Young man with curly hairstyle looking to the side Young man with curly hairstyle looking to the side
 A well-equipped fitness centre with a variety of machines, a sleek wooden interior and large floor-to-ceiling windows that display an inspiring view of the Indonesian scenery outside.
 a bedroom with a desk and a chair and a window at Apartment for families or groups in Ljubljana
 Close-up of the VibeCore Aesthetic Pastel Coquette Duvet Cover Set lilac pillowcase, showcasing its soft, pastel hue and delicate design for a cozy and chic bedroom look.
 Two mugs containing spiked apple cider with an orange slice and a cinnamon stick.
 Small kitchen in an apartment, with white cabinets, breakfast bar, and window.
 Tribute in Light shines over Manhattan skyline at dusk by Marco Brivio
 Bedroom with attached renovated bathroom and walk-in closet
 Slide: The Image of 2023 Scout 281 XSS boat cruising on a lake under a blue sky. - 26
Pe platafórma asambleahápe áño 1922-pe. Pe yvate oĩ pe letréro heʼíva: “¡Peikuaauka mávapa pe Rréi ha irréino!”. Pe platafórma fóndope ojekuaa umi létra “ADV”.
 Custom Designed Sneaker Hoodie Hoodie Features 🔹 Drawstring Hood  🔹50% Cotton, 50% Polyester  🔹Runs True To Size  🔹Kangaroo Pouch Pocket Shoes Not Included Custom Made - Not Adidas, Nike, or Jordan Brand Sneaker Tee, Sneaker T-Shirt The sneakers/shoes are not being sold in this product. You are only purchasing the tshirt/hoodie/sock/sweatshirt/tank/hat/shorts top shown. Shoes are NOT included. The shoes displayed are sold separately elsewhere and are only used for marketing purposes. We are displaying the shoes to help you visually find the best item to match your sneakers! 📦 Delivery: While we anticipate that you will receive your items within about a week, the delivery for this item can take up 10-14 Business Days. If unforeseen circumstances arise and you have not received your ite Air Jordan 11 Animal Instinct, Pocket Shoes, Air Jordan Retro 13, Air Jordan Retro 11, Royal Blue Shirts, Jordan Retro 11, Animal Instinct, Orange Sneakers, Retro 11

========================

## What to do
Among the lines above, repeat exactly those from the line with "a bedroom with" to the line with "Close-up of the", counting both ends.

## Task solution
 a bedroom with a desk and a chair and a window at Apartment for families or groups in Ljubljana
 Close-up of the VibeCore Aesthetic Pastel Coquette Duvet Cover Set lilac pillowcase, showcasing its soft, pastel hue and delicate design for a cozy and chic bedroom look.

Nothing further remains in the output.